Undang-undang ini mulai berlaku pada 25 Juni, setelah disahkan di parlemen Jepang melalui rancangan yang disusun oleh anggota lintas partai. Ini merupakan pertama kalinya Jepang memiliki undang-undang khusus mengenai bahasa isyarat, menurut Kementerian Kesehatan, Tenaga Kerja, dan Kesejahteraan Jepang.

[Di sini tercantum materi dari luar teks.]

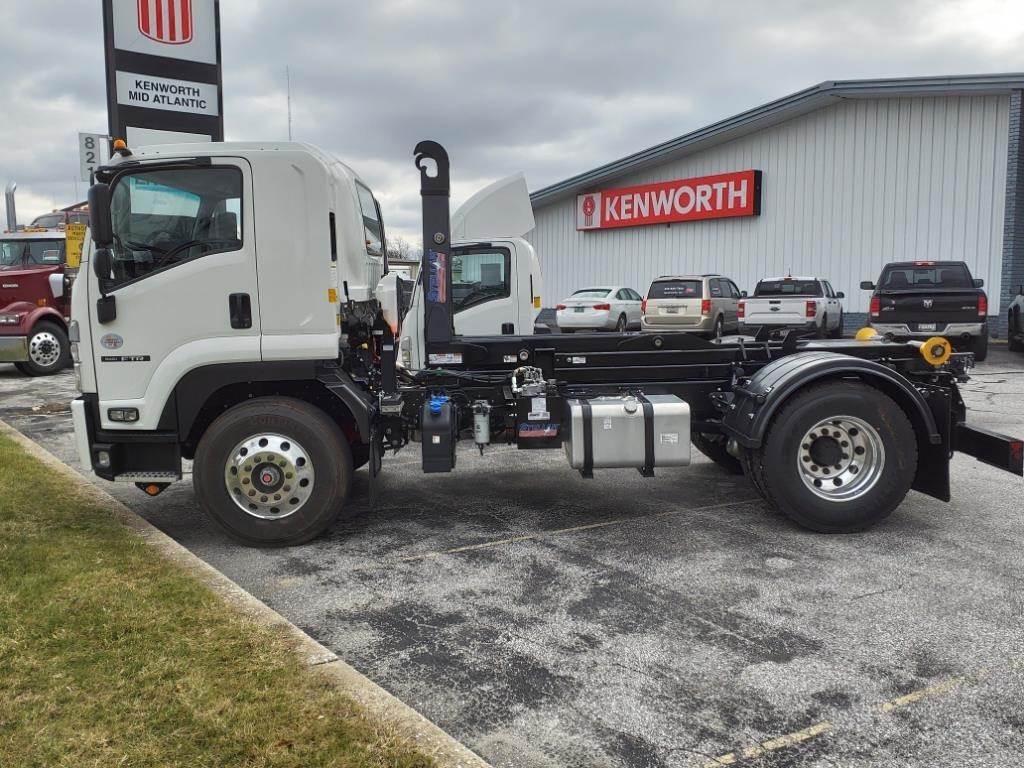 2022 Isuzu FTR Tandem Axle Hooklift Truck Cummins, Automatic For Sale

Menyebut undang-undang ini sebagai “bersejarah”, Federasi Tunarungu Jepang (Japanese Federation of the Deaf) menyatakan bahwa mereka merasa “sangat terharu” saat mengenang para pendahulu yang telah bekerja keras meningkatkan kesadaran akan pentingnya bahasa isyarat.

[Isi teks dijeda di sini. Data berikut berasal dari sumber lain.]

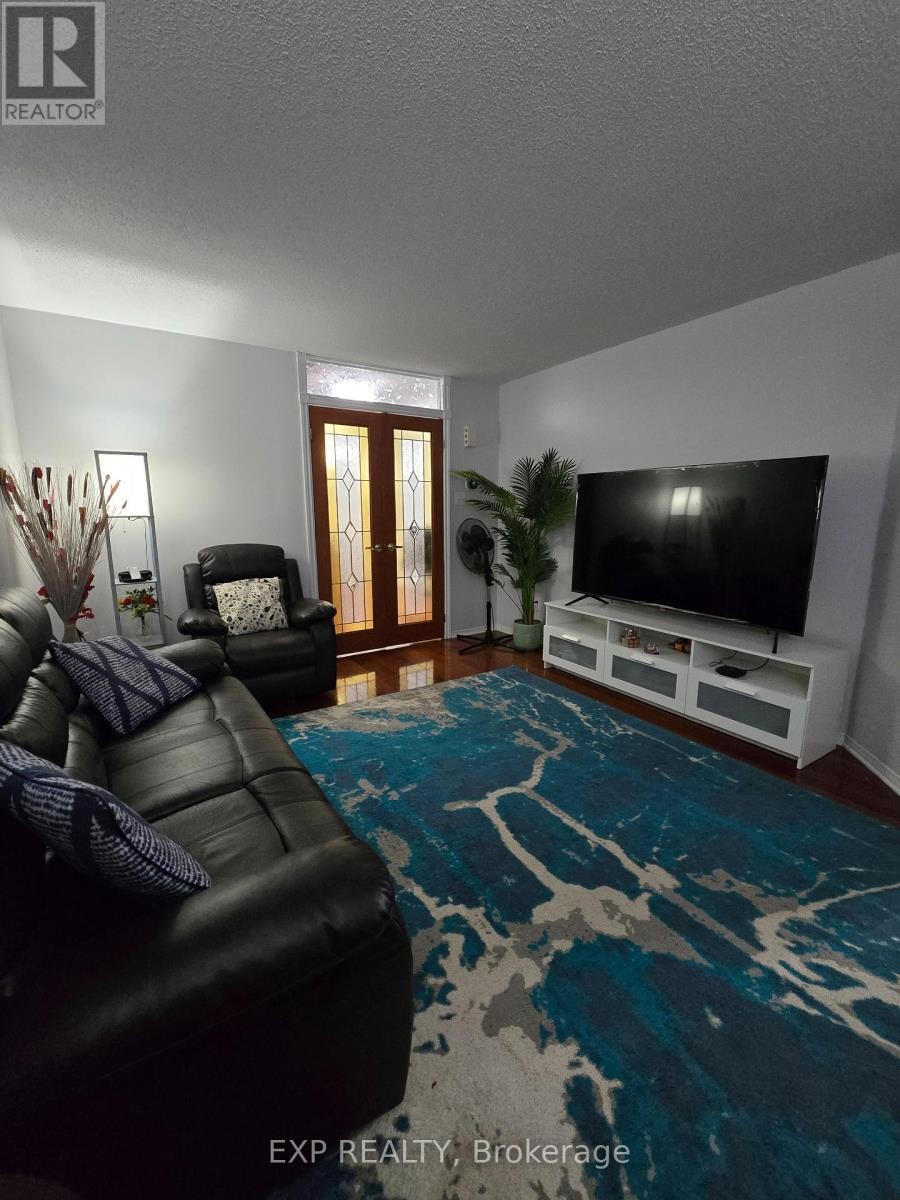 












700 CARMELLA CRESCENT

,
Ottawa,




Ontario
K4A4V8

Melindungi bahasa isyarat, kata mereka, akan menjadi “cahaya harapan bagi masa depan komunitas tunarungu dan mereka yang memiliki gangguan pendengaran.”
Undang-undang ini mengharuskan pemerintah pusat dan daerah untuk:
-
Meningkatkan lingkungan belajar yang mendukung penggunaan bahasa isyarat,
-
Melestarikan dan mengembangkan budaya bahasa isyarat, termasuk dalam bidang teater dan seni tradisional,
-
Meningkatkan pemahaman publik mengenai bahasa isyarat,
-
Menyediakan anggaran khusus untuk mendukung berbagai inisiatif tersebut,
-
Menugaskan guru atau staf yang mahir dalam bahasa isyarat untuk memastikan siswa yang membutuhkannya bisa mendapatkan pendidikan yang layak.
Menurut Federasi Tunarungu Jepang, saat ini sudah ada peraturan daerah tentang promosi bahasa isyarat di 40 prefektur dan sekitar 550 kota/kabupaten.
Undang-undang ini disahkan menjelang Deaflympics pertama yang akan diselenggarakan di Jepang, sebuah ajang olahraga internasional bagi atlet tunarungu dan tuli, yang akan berlangsung di Tokyo dan wilayah lainnya. Sekitar 6.000 atlet dan ofisial dari 70 hingga 80 negara dan wilayah dijadwalkan akan berpartisipasi.